++++ Data in this exercise
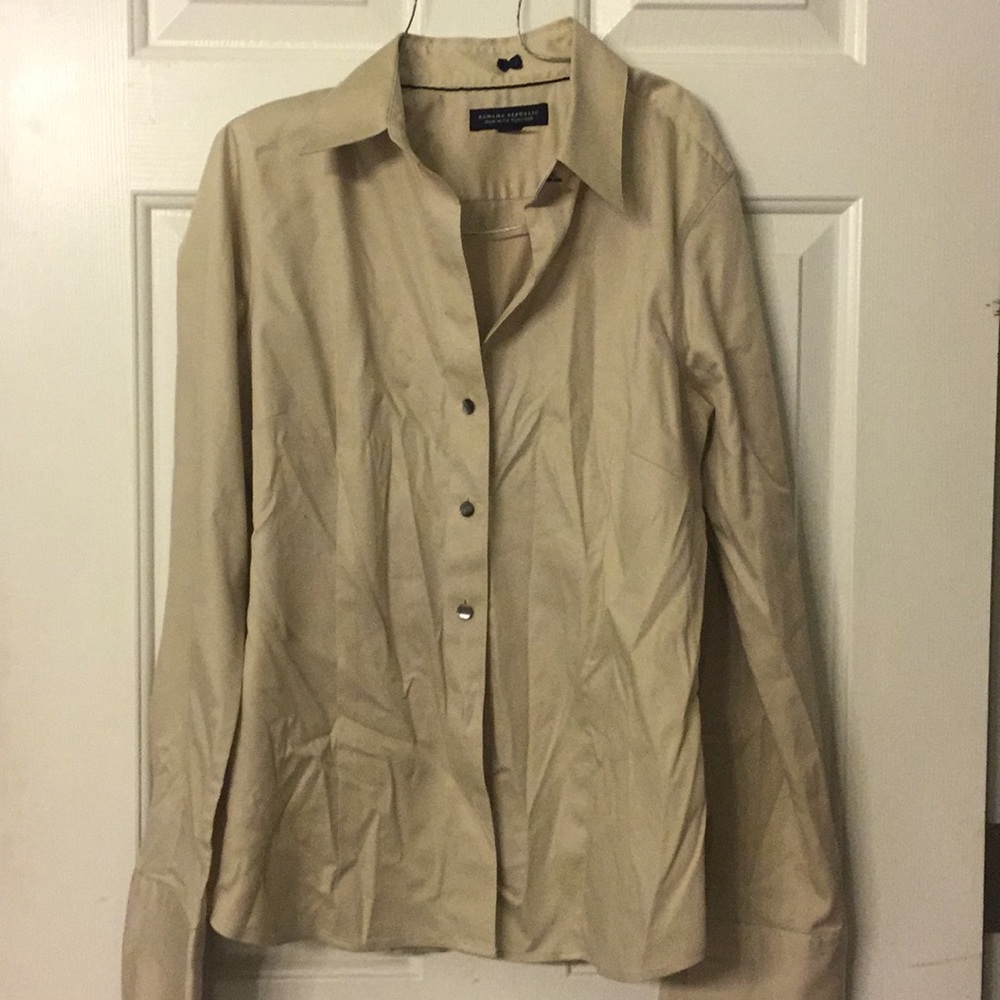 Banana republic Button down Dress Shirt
++++++++
++++ Data in this exercise
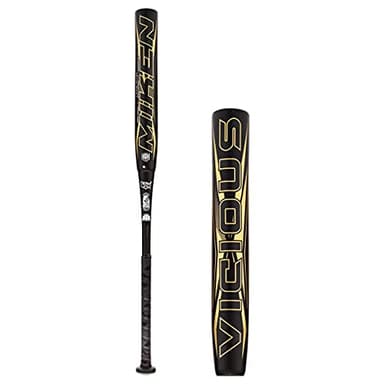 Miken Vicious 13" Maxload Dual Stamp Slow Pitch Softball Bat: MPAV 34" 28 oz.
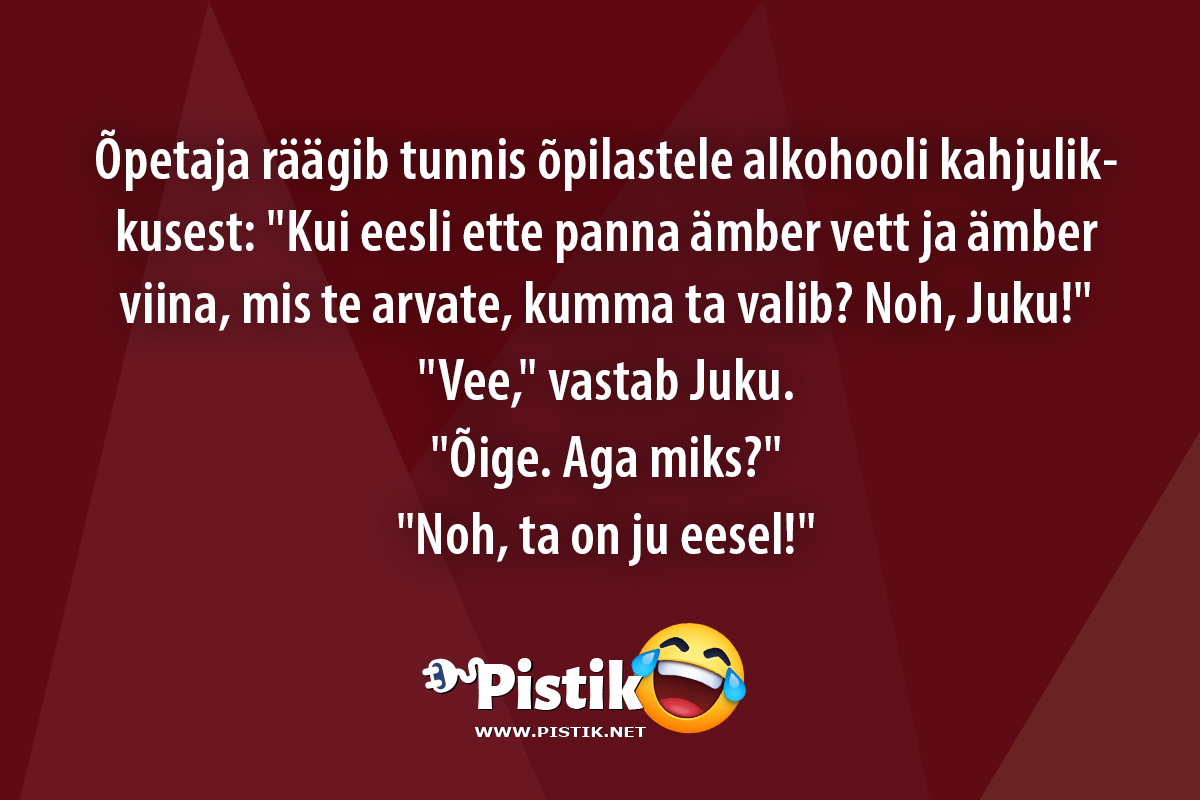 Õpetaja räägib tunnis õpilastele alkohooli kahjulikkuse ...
++++++++
* [Prompt]: Starting at the line with "Maxload Dual Stamp" and finishing at the line with "Õpetaja räägib tunnis", copy the material above exactly, both lines included. Nothing else goes in, and no pictures.

* [Written response]:
 Miken Vicious 13" Maxload Dual Stamp Slow Pitch Softball Bat: MPAV 34" 28 oz.
 Õpetaja räägib tunnis õpilastele alkohooli kahjulikkuse ...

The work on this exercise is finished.